--- PROVIDED RECORDS Enclosed Below ---

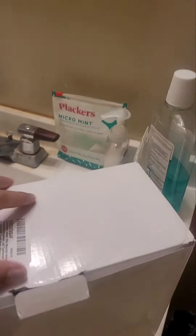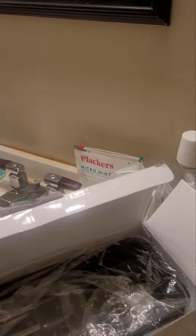Hi everyone, so today I'm going to show a helpful video about how to install this toothbrush holder or toothpaste dispenser that I recently bought. Let me try to open it — it looks a bit messy here, but it's going to be something like this.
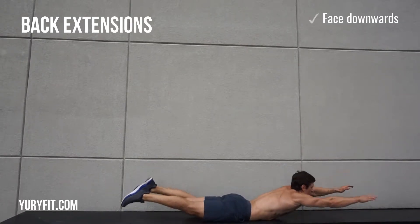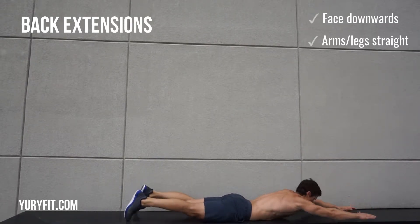Hi there! Back extensions. Get down on the floor face down, legs and arms straight.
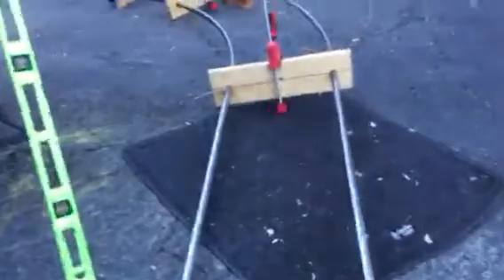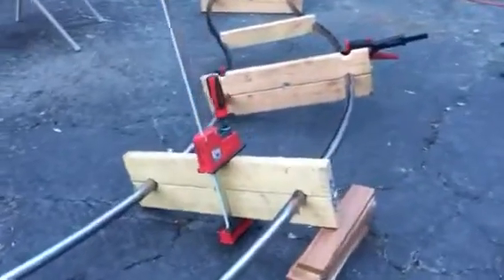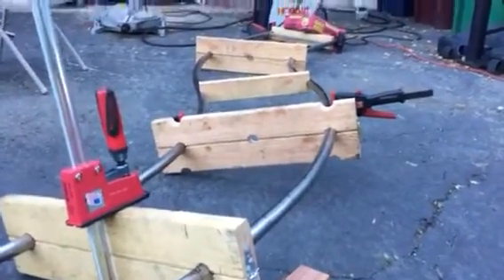So these are the two pipes, and you can see they're not just bent along one axis, they're bent along two axes, because you have to bend that outside one — I had to bend it so that it would go up as well as around the corner.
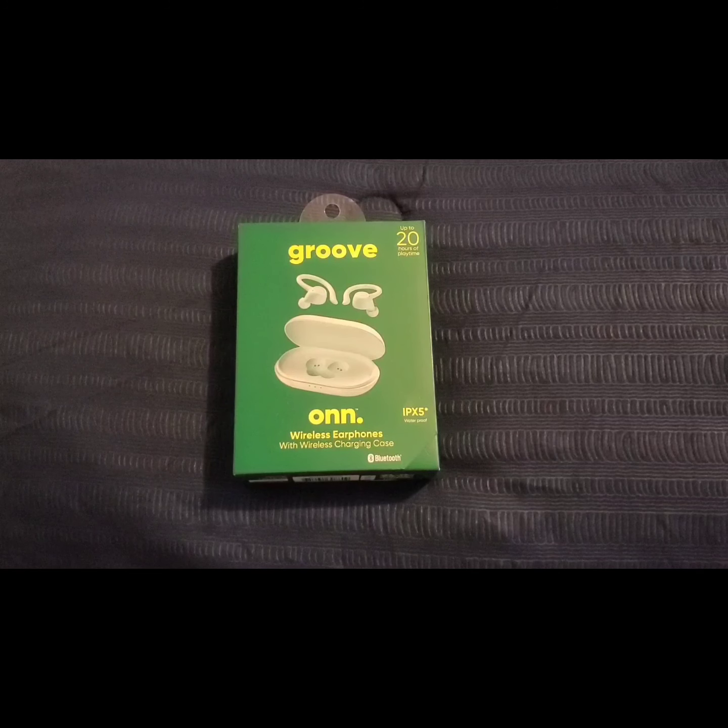Hi everybody, this is Jay Love and welcome to my channel. I have here the Groob Honor TWS Sport in-ear earbuds. I got them from Walmart for $40, not bad of a price. You get 5 hours of playtime, and with the charging case you get 20 hours of playtime. They are sweat and water resistant, and these are definitely a great pair of Bluetooth earbuds.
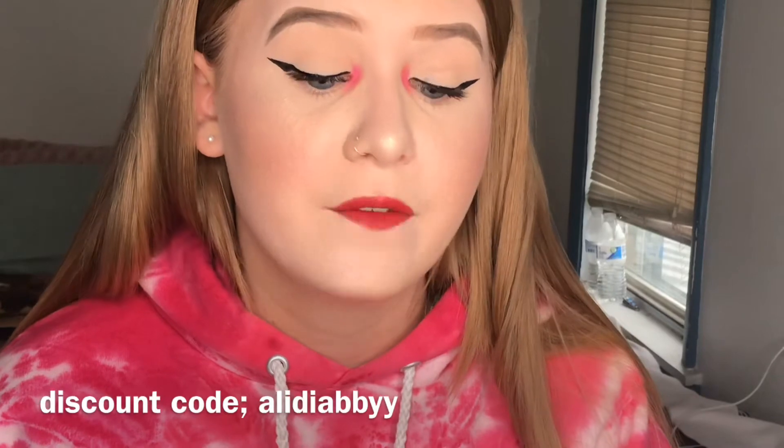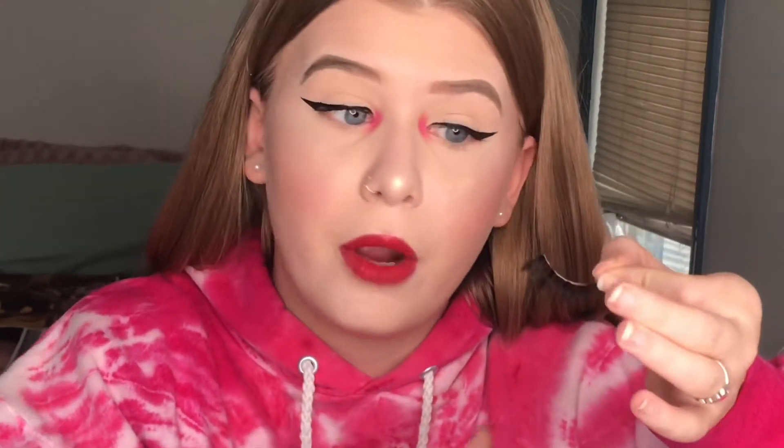Now we get into the lashes. I'm using my Dodo lashes — you can use my discount code 'alidababy' to get money off your purchases. This is my favorite lash company and they have very cheap lashes, like five to ten dollars. One thing you want to make sure is that the lashes actually fit your eye shape, because sometimes it's not you, it's the lash. Before you put on the glue, measure it on your eye. If it's too big, cut it — always cut from the back, not the front, and cut little by little so you don't ruin the lash.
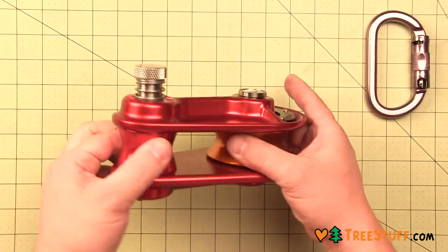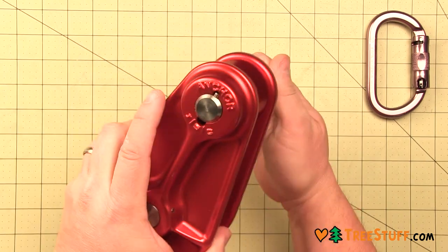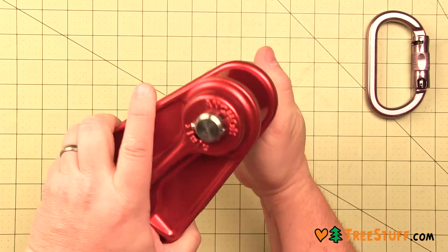ISC's 5 1/8 inch small aluminum rigging block is the updated RP051. It's got a spring block which is perfect for the working arborist.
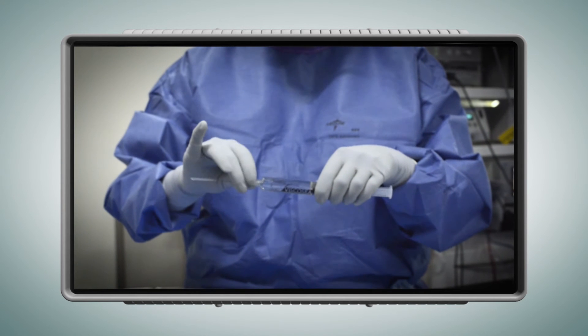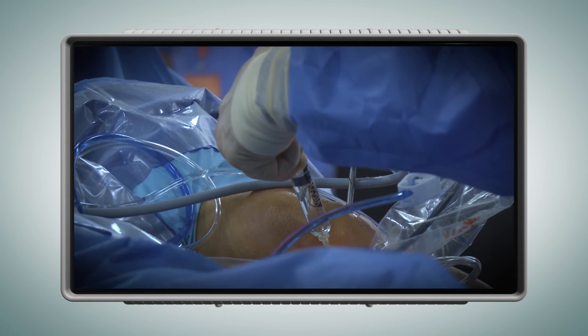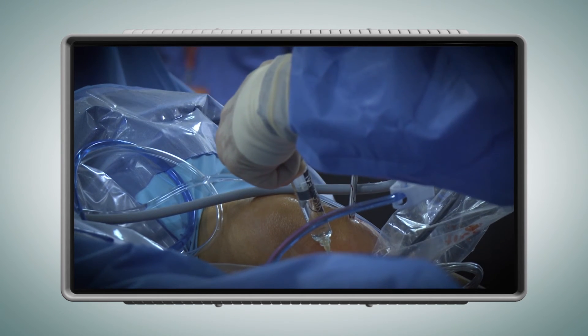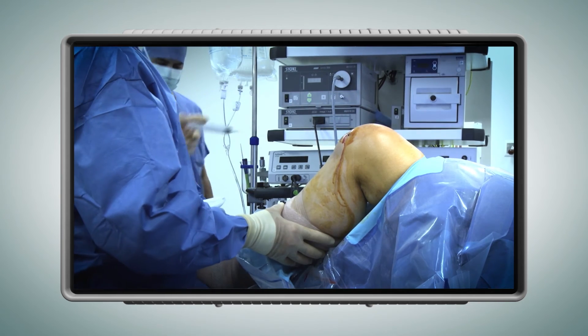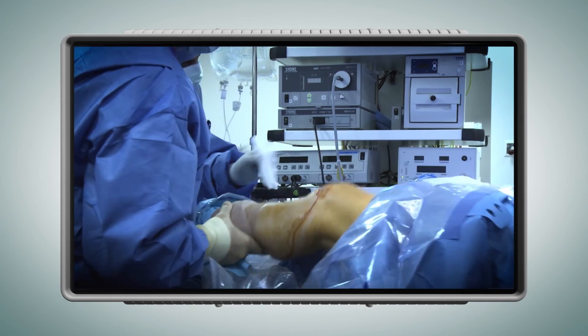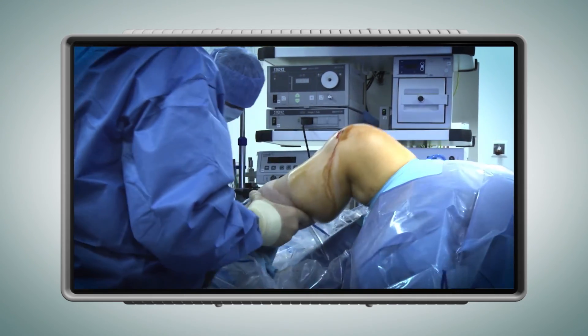Once the irrigation fluid is evacuated, Viscoseal can be directly injected into the joint through any portal under arthroscopic control. The joint is then moved, which allows Viscoseal to distribute evenly throughout the joint, coating the synovium and the joint surfaces.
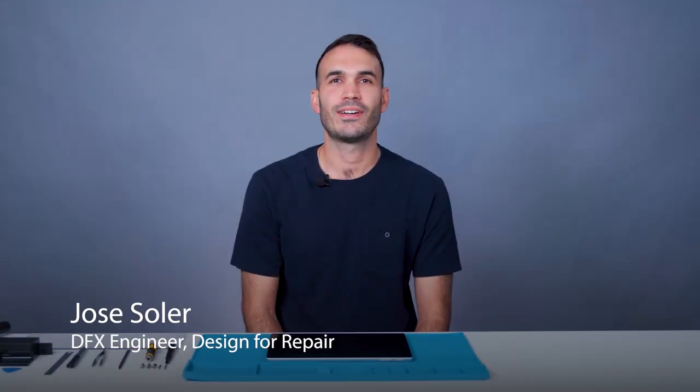Hi everyone, my name is Jose Soler and I work on the Design for Repair team at Microsoft. We're going to be disassembling the Surface Pro 9, which is one of our most repairable Surface devices. Detailed instructions are available in our service guides posted on the Microsoft support site. I'll be demonstrating the disassembly process on the Intel version of this device. The disassembly steps for the ARM version are very similar, however there are important differences which can be found in the service guide.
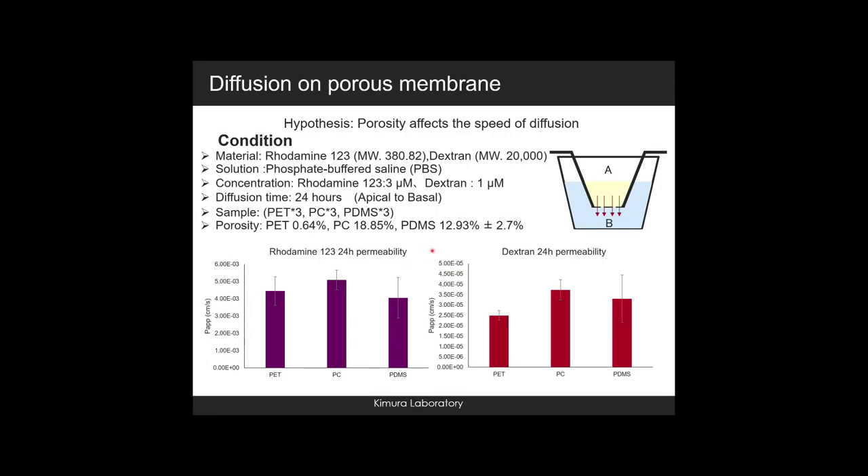We made a hypothesis that porosity affects the speed of diffusion. We chose rhodamine-123 and dextran to test the rate of diffusion on different porous membranes. The diffusion substances were mixed with PBS: rhodamine-123 at 3 micromolar and dextran at 1 micromolar. The diffusion time was 24 hours. Results showed the diffusion rate of low molecular weight substances was not affected by porosity; however, the diffusion rate of high molecular weight substances was affected by porosity.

--- End of Enclosed PROVIDED RECORDS ---

Each entry should be set down exactly, pictures excluded.

SOLUTION TO THIS TASK -
Hi everyone, so today I'm going to show a helpful video about how to install this toothbrush holder or toothpaste dispenser that I recently bought. Let me try to open it — it looks a bit messy here, but it's going to be something like this.
Hi there! Back extensions. Get down on the floor face down, legs and arms straight.
So these are the two pipes, and you can see they're not just bent along one axis, they're bent along two axes, because you have to bend that outside one — I had to bend it so that it would go up as well as around the corner.
Hi everybody, this is Jay Love and welcome to my channel. I have here the Groob Honor TWS Sport in-ear earbuds. I got them from Walmart for $40, not bad of a price. You get 5 hours of playtime, and with the charging case you get 20 hours of playtime. They are sweat and water resistant, and these are definitely a great pair of Bluetooth earbuds.
Now we get into the lashes. I'm using my Dodo lashes — you can use my discount code 'alidababy' to get money off your purchases. This is my favorite lash company and they have very cheap lashes, like five to ten dollars. One thing you want to make sure is that the lashes actually fit your eye shape, because sometimes it's not you, it's the lash. Before you put on the glue, measure it on your eye. If it's too big, cut it — always cut from the back, not the front, and cut little by little so you don't ruin the lash.
ISC's 5 1/8 inch small aluminum rigging block is the updated RP051. It's got a spring block which is perfect for the working arborist.
Once the irrigation fluid is evacuated, Viscoseal can be directly injected into the joint through any portal under arthroscopic control. The joint is then moved, which allows Viscoseal to distribute evenly throughout the joint, coating the synovium and the joint surfaces.
Hi everyone, my name is Jose Soler and I work on the Design for Repair team at Microsoft. We're going to be disassembling the Surface Pro 9, which is one of our most repairable Surface devices. Detailed instructions are available in our service guides posted on the Microsoft support site. I'll be demonstrating the disassembly process on the Intel version of this device. The disassembly steps for the ARM version are very similar, however there are important differences which can be found in the service guide.
We made a hypothesis that porosity affects the speed of diffusion. We chose rhodamine-123 and dextran to test the rate of diffusion on different porous membranes. The diffusion substances were mixed with PBS: rhodamine-123 at 3 micromolar and dextran at 1 micromolar. The diffusion time was 24 hours. Results showed the diffusion rate of low molecular weight substances was not affected by porosity; however, the diffusion rate of high molecular weight substances was affected by porosity.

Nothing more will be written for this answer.